There will be four 45 minute midterm exams, administered during the X-hour, and a final exam. They will probably be limited open note exams.

Each of the above contributes to your final grade in the following fashion:

• Homework: 40%
• Midterms: 7.5% each, 30% total
• Final exam: 30%

## Homework Policy

Written homework assignments will be posted at the homework page of this website, and will be usually due about a week after they are posted. Late assignments will only be accepted when granted an extension, which must be requested from the instructor several days in advance. In general, extensions will only be granted for health-related reasons or family emergencies. Exceptions may be made for school-related travel.

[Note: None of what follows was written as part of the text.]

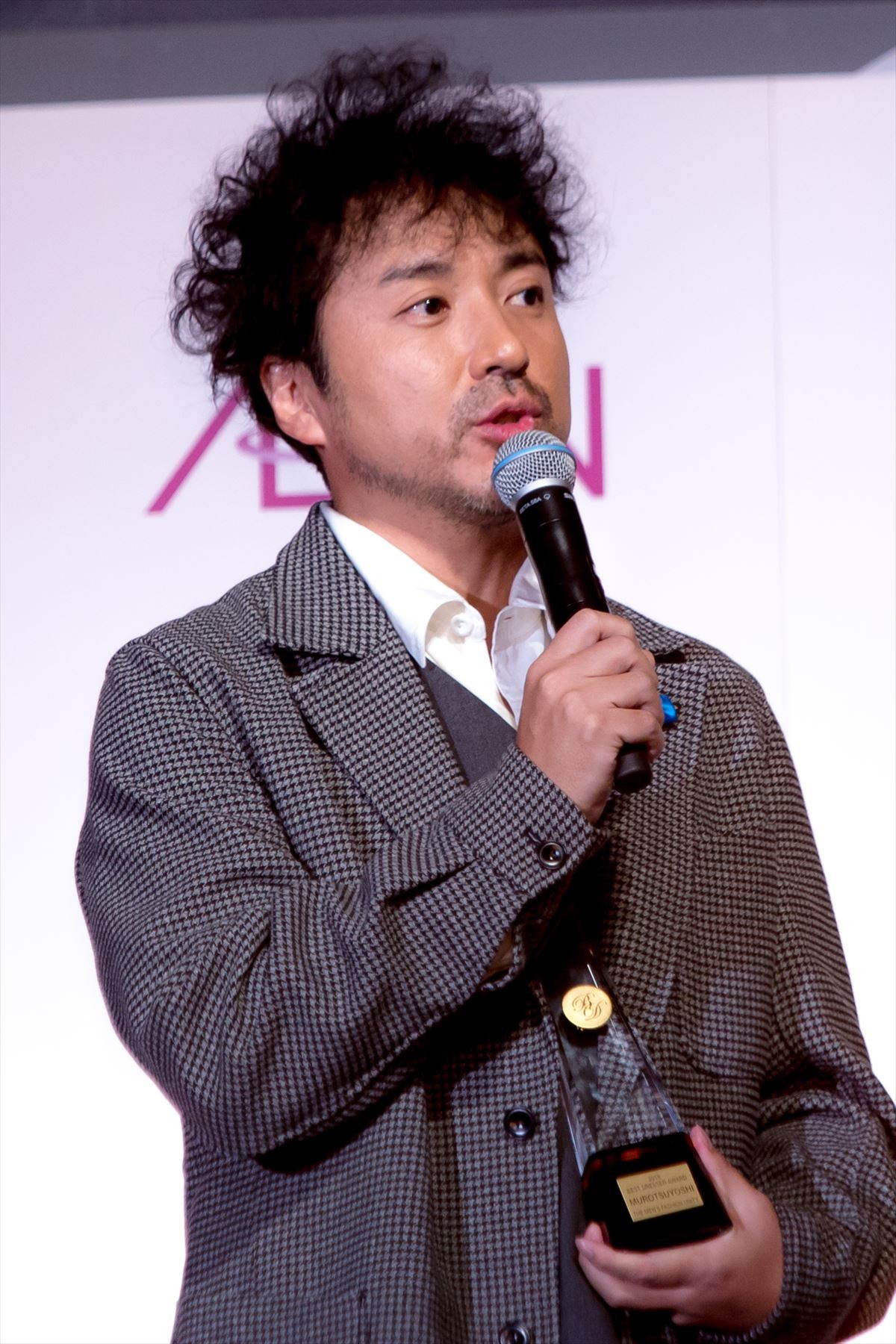 杏、働く母親たちへエール　ムロツヨシらとベストドレッサー受賞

The homework collaboration policy for this class is more or less in line with other Dartmouth math classes. You are allowed to collaborate with others on homework, but must write your own solutions. A good rule of thumb is that you should never be copying phrases or sentences from anyone else or any source. You may use theorems, lemmas, etc. that we have covered from the textbook, but in general you should not use theorems, lemmas, etc. from sections of the book we have not covered or from external sources. Also, please write down the people you collaborated with and outside sources (namely, anything besides the required textbook) you consulted on your homework assignments.

## Textbook

The required book for this class is Complex Analysis, by Elias Stein and Rami Shakarchi, ISBN 978-0691113852. This relatively new book is one part of a series of texts on real and complex analysis that grew out of teaching the analysis sequence for undergraduates at Princeton University. As this sequence is one of the best, if not the best, analysis sequence for math majors in the country, the quality of the exposition and choice of topics in this book (and the other books in this series) are fantastic. Elias Stein is one of the leading world authorities in analysis (in particular, harmonic analysis), and has had decades of experience teaching top undergraduate and graduate students. Another plus of this book is that it contains a lot of content, yet is reasonably priced.

There are many books about complex analysis. The following are a few books which might be worth consulting:

• Complex Analysis, 3rd Edition, by Lars Ahlfors, ISBN 978-0070006577.
This book is considered a classic text in the field. It was also written by a top mathematician (Ahlfors received the Fields Medal), but the price of the book is incredibly high. Nevertheless, it might be worthwhile to check this book out in the library.
• Real and Complex Analysis, 3rd Edition, by Walter Rudin, ISBN 978-0070542341.
This book is considered one of the standard texts in analysis. We are not using it since most of the book is devoted to real analysis, and the level of sophisticiation is slightly higher than what we are aiming for in this class. Nevertheless, it might be worth taking a look at this book after taking this class and a class in real analysis.
• Complex Analysis, 3rd Edition, by Joseph Bak and Donald Newman, ISBN 978-1441972873.
This book is probably not as well known as the others listed above, but I used it as an undergraduate and found it very well-written. The book is aimed squarely at undergraduate students (unlike the previous two books listed above), and is quite enjoyable to read.